C. Tisdale, black newspaper owner, civil rights advocate, dies at 80

JACKSON, Miss. (AP) - Charles Tisdale, who fought for civil rights as owner and publisher of Mississippi's oldest black-owned newspaper, died Saturday.

He was 80.

Tisdale collapsed last week while undergoing dialysis. He had been on life support until his family decided to take him off Saturday night.

Tisdale took over the Jackson Advocate in the late-1970s, and was an outspoken critic of elected officials, both black and white.

Activist Charles Evers, brother of slain civil rights leader Medgar Evers, said Tisdale was concerned about the welfare of all citizens, not just blacks.

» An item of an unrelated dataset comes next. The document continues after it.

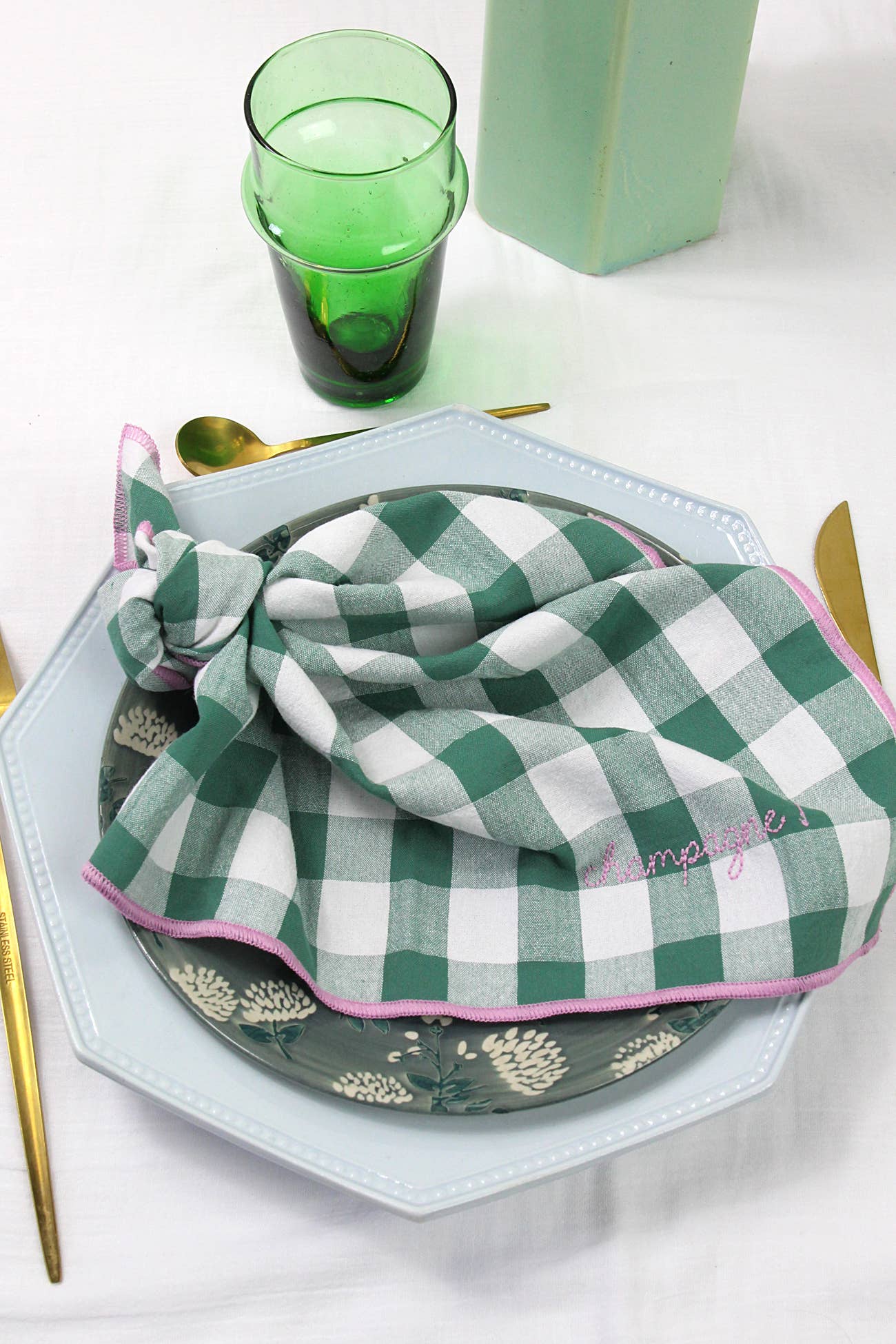 BARNABÉ AIME LE CAFÉ - Wholesale Dinner & Cloth Napkin - Gichy plaid and embroidery napkins27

For 20 years, Tisdale had a talk show on Evers' radio station, W-M-P-R in Jackson, where he often took elected leaders to task for not effectively serving their community.

Tisdale faced repercussions for his outspokenness. He often said he was the target of death threats.

His newspaper office near downtown Jackson was firebombed at least twice. The latest was in 1998, when gasoline was poured over the furniture and molotov cocktails were thrown through windows.

A family representative said there will be a viewing Friday and Saturday with a funeral scheduled for Saturday night. But funeral arrangements were incomplete Sunday.